ID3D11ShaderReflection* pReflector = NULL; D3DReflect( pPixelShaderBuffer->GetBufferPointer(), pPixelShaderBuffer->GetBufferSize(), IID_ID3D11ShaderReflection, (void**) &pReflector) );
Gebruik het arceringsobject om het aantal interface-exemplaren in de shader op te halen met behulp van de methode ID3D11ShaderReflection::GetNumInterfaceSlots.
g_iNumPSInterfaces = pReflector->GetNumInterfaceSlots();
Maak een matrix die groot genoeg is om het aantal interface-exemplaren in de shader te bewaren.

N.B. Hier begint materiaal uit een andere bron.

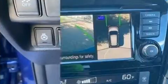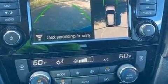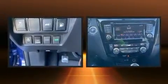Nissan prioritized fit and finish as evidenced by delay-off headlights, variably intermittent wipers, a trip computer, a blind spot monitoring system, a power liftgate, and remote keyless entry.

ID3D11ClassInstance** g_dynamicLinkageArray = NULL; g_dynamicLinkageArray = (ID3D11ClassInstance**) malloc( sizeof(ID3D11ClassInstance*) * g_iNumPSInterfaces );
Bepaal de index in de matrix die overeenkomt met elk interface-exemplaar met behulp van ID3D11ShaderReflection::GetVariableByName en ID3D11ShaderReflectionVariable::GetInterfaceSlot.
ID3D11ShaderReflectionVariable* pAmbientLightingVar = pReflector->GetVariableByName("g_abstractAmbientLighting"); g_iAmbientLightingOffset = pAmbientLightingVar->GetInterfaceSlot(0);
Haal een klasse-exemplaar op voor elk klasseobject dat is afgeleid van een interface in de shader met behulp van ID3D11ClassLinkage::GetClassInstance.
g_pPSClassLinkage->GetClassInstance( "g_hemiAmbientLight", 0, &g_pHemiAmbientLightClass );
Stel interface-exemplaren in op klasse-exemplaren door de bijbehorende vermelding in de dynamische koppelingsmatrix in te stellen.
g_dynamicLinkageArray[g_iAmbientLightingOffset] = g_pHemiAmbientLightClass;
Geef de dynamische koppelingsmatrix door als een parameter aan een SetShader-aanroep.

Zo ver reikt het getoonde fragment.